- The World Health Organisation (WHO) recommends we reduce our intake of “free” or “added” sugars to no more than 5% of our daily intake (around 6–9 teaspoons). In reality however, many of us consume double or even triple that amount!
- With one in six people around the world also suffering from a common mental disorder, it begs the question – is there a link between sugar consumption and mood disorders?
- A new study has found that men who consume more than 67 grams of sugar each day increased their risk of suffering from a mood disorder by 23%, just five years later.
We all know the dangers of consuming too much sugar – think weight gain, obesity, type 2 diabetes, poor dental health and heart disease.

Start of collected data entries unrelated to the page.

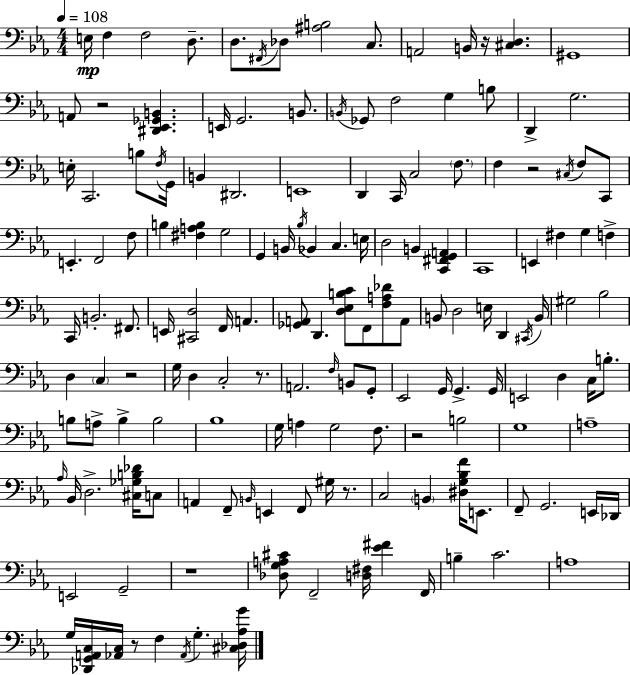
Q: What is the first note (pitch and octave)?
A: E3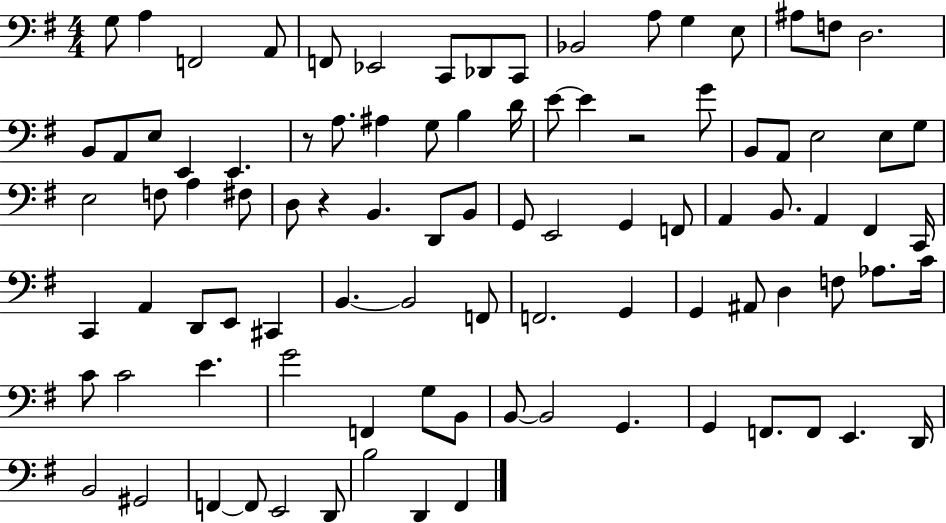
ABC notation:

X:1
T:Untitled
M:4/4
L:1/4
K:G
G,/2 A, F,,2 A,,/2 F,,/2 _E,,2 C,,/2 _D,,/2 C,,/2 _B,,2 A,/2 G, E,/2 ^A,/2 F,/2 D,2 B,,/2 A,,/2 E,/2 E,, E,, z/2 A,/2 ^A, G,/2 B, D/4 E/2 E z2 G/2 B,,/2 A,,/2 E,2 E,/2 G,/2 E,2 F,/2 A, ^F,/2 D,/2 z B,, D,,/2 B,,/2 G,,/2 E,,2 G,, F,,/2 A,, B,,/2 A,, ^F,, C,,/4 C,, A,, D,,/2 E,,/2 ^C,, B,, B,,2 F,,/2 F,,2 G,, G,, ^A,,/2 D, F,/2 _A,/2 C/4 C/2 C2 E G2 F,, G,/2 B,,/2 B,,/2 B,,2 G,, G,, F,,/2 F,,/2 E,, D,,/4 B,,2 ^G,,2 F,, F,,/2 E,,2 D,,/2 B,2 D,, ^F,,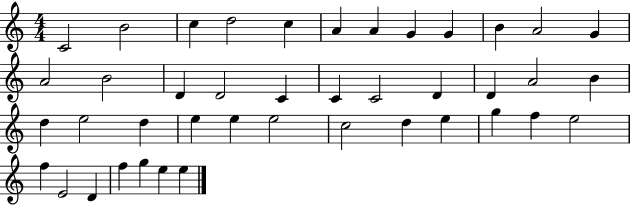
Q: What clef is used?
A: treble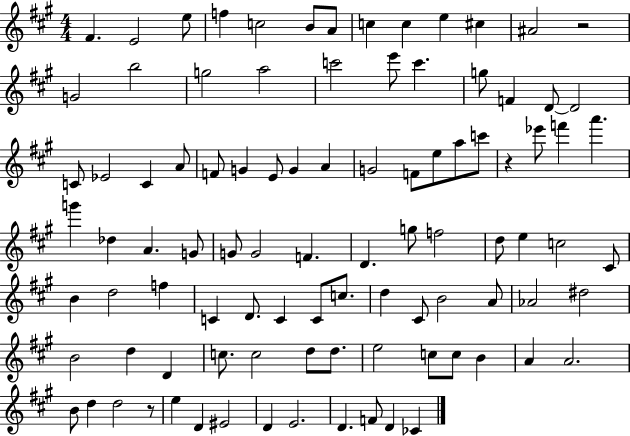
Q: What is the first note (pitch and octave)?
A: F#4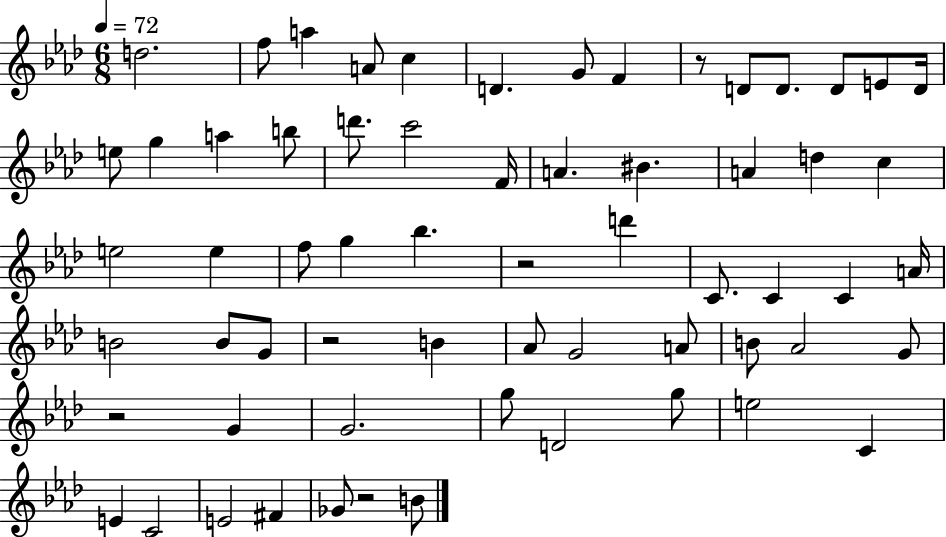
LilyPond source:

{
  \clef treble
  \numericTimeSignature
  \time 6/8
  \key aes \major
  \tempo 4 = 72
  d''2. | f''8 a''4 a'8 c''4 | d'4. g'8 f'4 | r8 d'8 d'8. d'8 e'8 d'16 | \break e''8 g''4 a''4 b''8 | d'''8. c'''2 f'16 | a'4. bis'4. | a'4 d''4 c''4 | \break e''2 e''4 | f''8 g''4 bes''4. | r2 d'''4 | c'8. c'4 c'4 a'16 | \break b'2 b'8 g'8 | r2 b'4 | aes'8 g'2 a'8 | b'8 aes'2 g'8 | \break r2 g'4 | g'2. | g''8 d'2 g''8 | e''2 c'4 | \break e'4 c'2 | e'2 fis'4 | ges'8 r2 b'8 | \bar "|."
}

But while previous studies have linked sugar to our mental health and depression, until now, it’s been tough to pinpoint whether pre-existing mental health disorders lead to a higher intake of sugar – because when we feel low we reach for sugary foods and drinks to boost our mood – or if in fact, it’s our consumption of sugar which then influences our mental health.
Well, this new study conducted by the University College of London set to examine that very question and found that men and women with pre-diagnosed mood disorders coupled with a high intake of sugar, were more likely to develop depression, than those who ate less sugar. The study found that for men specifically, those who consumed more than 67 grams of sugar each day were at greater risk of developing depression five years later than men whose intake was less than 40 grams.
Interestingly however, the research also discovered that men and women without pre-diagnosed mood disorders ate the same amount of sugar as those with one, essentially questioning earlier theories that suffering from a mood disorder or depression causes us to eat more sugar.
While the evidence continues to build in this debate, it seems that experts agree – ditching the sweet stuff will not only improve your physical health, but it could boost your mental health too.